It's slightly strange to be writing to, well, nobody. But I know that we'll share this with everyone and you'll get to catch up on what these first days have been like for us. But for now, some apologies...
1. Sorry to Bob's mom -- we know you're going to be upset that we didn't tell you immediately, but I'm a firm believe in Murphy's Law. And we just couldn't tell you and have something bad happen.
2. Sorry to Bob's mom for laughing hysterically the other night when you actually said "You two better get me a baby before you get a dog!" on the phone to Bob. You didn't hear it, but it gave us laughter for a long time after that. Don't worry -- definitely getting you a grandbaby before a dog!
3. Sorry to KK and work for not sharing this, but hey, like we need more drama right now. But then again, SERIOUSLY, how could you all not have figured this out yet? "Cutting back on diet coke"? Like I'd actually do that voluntarily...
4. Sorry to God for saying "OH THANK GOD!" when I saw only ONE sac and itty-bitty-rice-size-bambino at the ultrasound this week. I realize that it's going to come back to nail me later in life and I'll have an "Oh shit" statement just like mom and dad. Don't worry, I'm sure I'll explain that one later in here...

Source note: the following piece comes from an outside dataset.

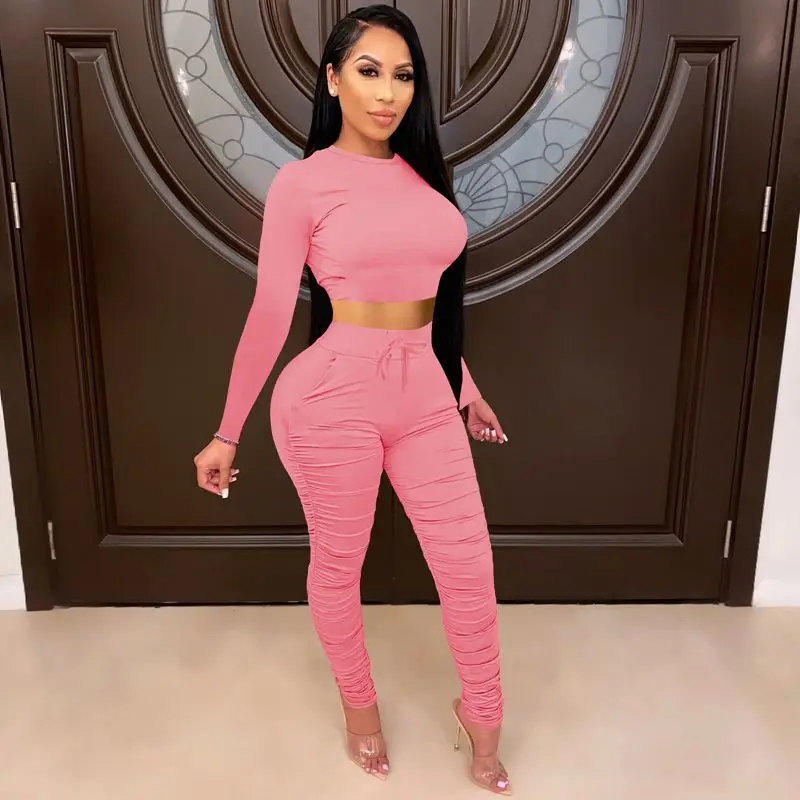 Fall Two Piece Women Set Long Sleeve Crop Top Stacked Sports Pants Fashion Clothes Streetwear Tracksuit Matching Sets
Fall Two Piece Women Set Long Sleeve Crop Top Stacked Sports Pants Fashion Clothes Streetwear Tracksuit Matching Sets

5. And most importantly, sorry to bambino (or "interloper" as Amy calls him/her) for the amounts of alcohol you endured within 2-3 weeks of your spontaneous appearance in my body. Not sure about the exact moment you appeared, but we know it is probably right around our trip to Minnesota for the Engelman family reunion/camping trip. Campfire drinks were imbibed. I blame my cousin's husband, Brent. Don't worry, it won't affect you. And he'll probably give you alcohol later in your life anyway...
That should do it for our inaugural post. This weekend I'll try to update you on finding my sucking-the-life-out-of-me tiredness, and how I hopefully can still go to Happy Hour tomorrow after work without explaining my lack of green apple martinis.